- Task instructions
The expected output is each line in the data below that includes the string "Black".
=== Material for the task ===
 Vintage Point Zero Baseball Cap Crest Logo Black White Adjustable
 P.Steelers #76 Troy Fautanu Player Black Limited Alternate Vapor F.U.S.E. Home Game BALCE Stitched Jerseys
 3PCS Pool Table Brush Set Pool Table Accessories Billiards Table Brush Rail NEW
===
=== Material for the task ===
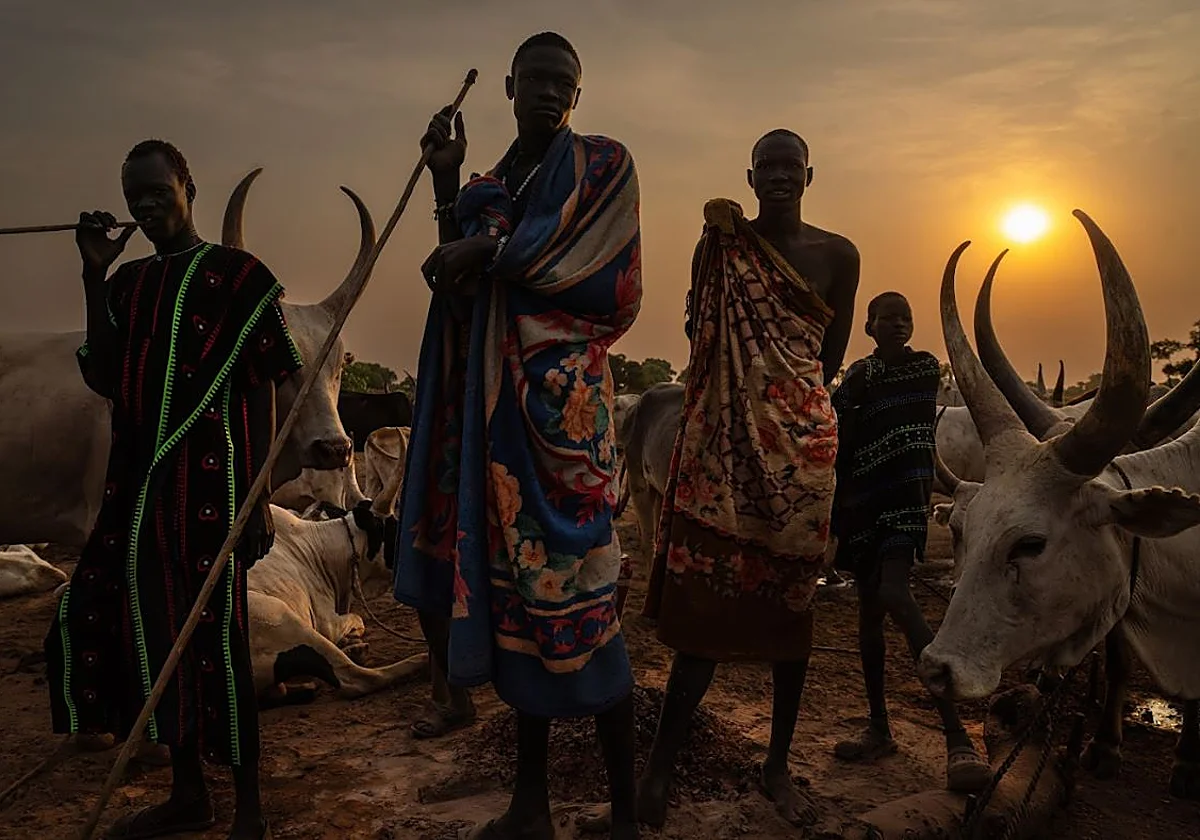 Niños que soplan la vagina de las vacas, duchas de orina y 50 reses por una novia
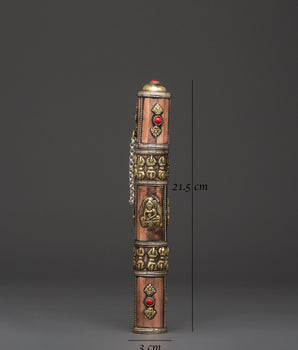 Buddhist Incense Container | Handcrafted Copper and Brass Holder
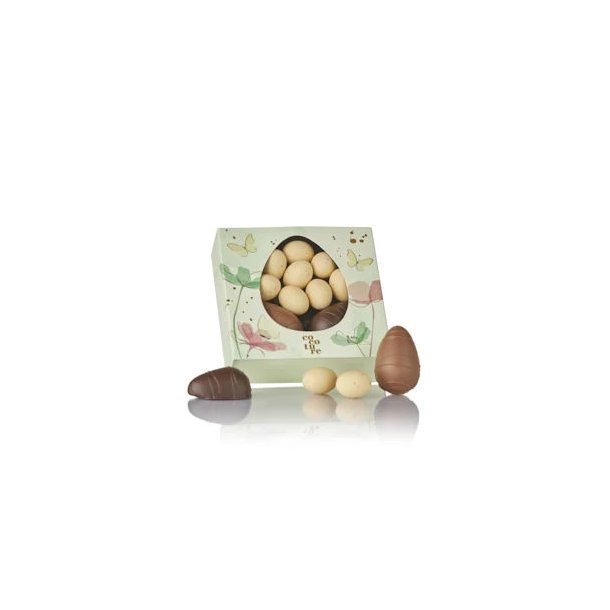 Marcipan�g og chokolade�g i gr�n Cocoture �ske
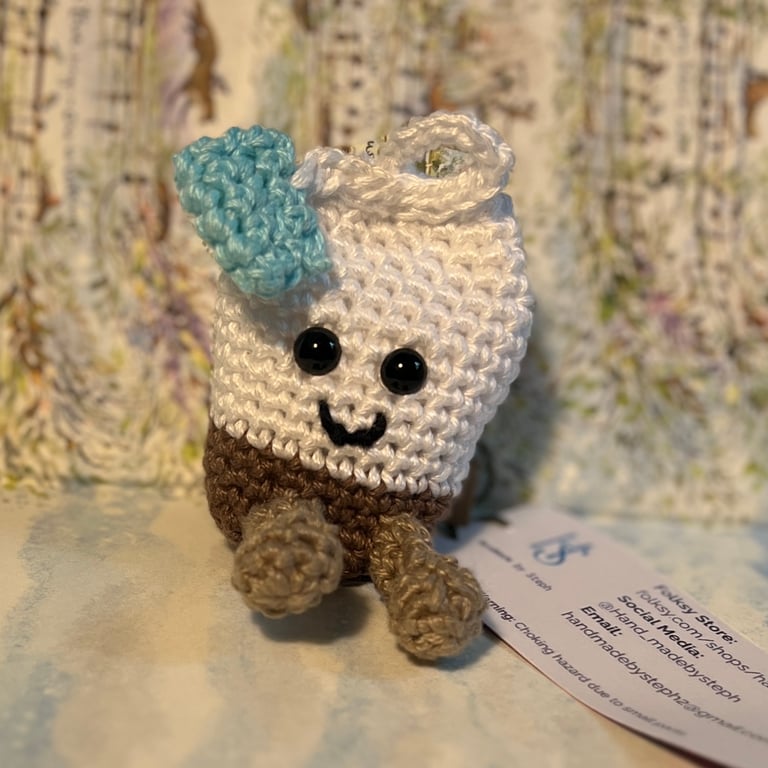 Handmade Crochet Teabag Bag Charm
===
- Output for this task
 Vintage Point Zero Baseball Cap Crest Logo Black White Adjustable
 P.Steelers #76 Troy Fautanu Player Black Limited Alternate Vapor F.U.S.E. Home Game BALCE Stitched Jerseys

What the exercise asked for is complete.